Moonday Monday Mysore-Styled Musing

I had dinner the other night with SilentSpeaker - and over over the course of inexpensive DC sushi, topics roamed from academics to health to relationships and of course Ashtanga. We chatted about how somehow, no matter what our level we slip into some form of discipline in our lives that many who don't practice don't quite understand. From how and what we eat, time we go to bed and how sometimes consciously and sometimes unconsciously we generally carry out our daily existence.

But for what really?

How does knowing that one can get themselves into supta kurmasana by way of dwi pada or stand from urdhva dhaurasana - both skills that are not conventionally marketable in and of themselves to modern life - make us better people? Why do we come to obsess over things we can't quite figure out how to do and the celebration is short and yet very sweet when we figure these things out? Garnering a brief taste of pure happiness from a feat of contortion or acrobatics that we worked for - I would wager at the heart, this happiness ultimately lies in the work that went into "the achievement."

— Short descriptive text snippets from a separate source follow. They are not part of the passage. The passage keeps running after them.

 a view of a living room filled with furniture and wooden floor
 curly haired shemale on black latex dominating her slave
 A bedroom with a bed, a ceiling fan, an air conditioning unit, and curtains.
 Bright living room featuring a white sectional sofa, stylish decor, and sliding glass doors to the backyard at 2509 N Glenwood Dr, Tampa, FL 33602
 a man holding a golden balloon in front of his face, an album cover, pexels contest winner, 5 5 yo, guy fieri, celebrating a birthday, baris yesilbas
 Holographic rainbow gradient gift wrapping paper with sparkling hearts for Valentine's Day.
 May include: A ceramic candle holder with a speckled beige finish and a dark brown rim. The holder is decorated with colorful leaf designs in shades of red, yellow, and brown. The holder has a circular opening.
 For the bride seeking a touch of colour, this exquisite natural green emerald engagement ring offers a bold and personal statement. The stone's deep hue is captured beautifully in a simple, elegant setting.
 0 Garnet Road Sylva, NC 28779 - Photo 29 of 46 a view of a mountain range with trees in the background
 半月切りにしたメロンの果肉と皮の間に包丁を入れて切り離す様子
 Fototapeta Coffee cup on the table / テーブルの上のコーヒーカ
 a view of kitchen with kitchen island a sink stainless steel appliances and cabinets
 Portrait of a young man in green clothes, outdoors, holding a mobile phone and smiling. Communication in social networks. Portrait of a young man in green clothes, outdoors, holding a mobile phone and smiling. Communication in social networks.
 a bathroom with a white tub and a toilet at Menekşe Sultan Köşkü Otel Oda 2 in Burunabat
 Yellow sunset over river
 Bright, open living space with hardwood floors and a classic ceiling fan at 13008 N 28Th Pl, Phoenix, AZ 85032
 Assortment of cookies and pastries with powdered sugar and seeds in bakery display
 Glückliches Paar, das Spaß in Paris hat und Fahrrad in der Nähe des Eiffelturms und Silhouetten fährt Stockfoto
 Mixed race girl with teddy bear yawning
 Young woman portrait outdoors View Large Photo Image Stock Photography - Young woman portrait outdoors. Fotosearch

The practice is very zen - it's about nothing, except coming to know ourselves and how we react to our egos and ultimately how we react to difficulty and a sense of accomplishment. A Practice (be it Art, Law, Baking, Tango, Music, Writing, Asana, etc...), like religion, evolves over time, as society changes it should begin to change and grow to survive.

Practice at it's best is a living breathing thing.

Modern life really isn't compatible with living in a yurt and subsisting on the dew found on a lotus blossom and 8 berries.

We all attempt to find a sense of validation though community - people who understand what we do and affirm what we do. For many Ashtanga practitioners, it is that in some way we're all not crazy for getting up at 2:30/3 am to eat light breakfast of fruit before officially waking at 4:45 am to pull ones self together to practice at 5:15 am. We know that we all learn from each other - we are all teachers of what we learn from ourselves and our teachers.

What is Ashtanga in it's purest form? Part of me wants to say that really only Patthabhi Jois could have told us - but maybe that's too easy. What we learn from all of his students - our teachers - and our teachers teachers - is that everyone's practice is different. Each of his students teach differently because each of his students were taught differently - because he understood that everyone is different. Look at all of the "famous" students of Krishnamacharya, his teacher. B.K.S. Iyengar approaches the discipline from a different perspective but all to a similar end as I discovered when I found myself quite comfortably fully bound in yoga dhandasana (like the photo, except hands bound around the outside of the leg with foot in armpit) last Tuesday night. Fwiw, yoga dhandasana is part of 4th series of Ashtanga but was part of this level 2-3 Iyengar class.

Maybe the answers to all of this are with more with Krishnamacharya.
More likely, in my mind, the answers are collectively within all of us.


Anonymous said...

There are neither answers nor questions. Both are part of the same delusion. Practice, and all is coming... "practice" includes all eight limbs.

Anonymous said...

Very true Anon.
Just do.

karen said...

Wonderful post. Thanks!

Seeker said...

Great post! May I pose this question: Would it be enough to say that everything you practice you do because you love it and you love what you have become because of it?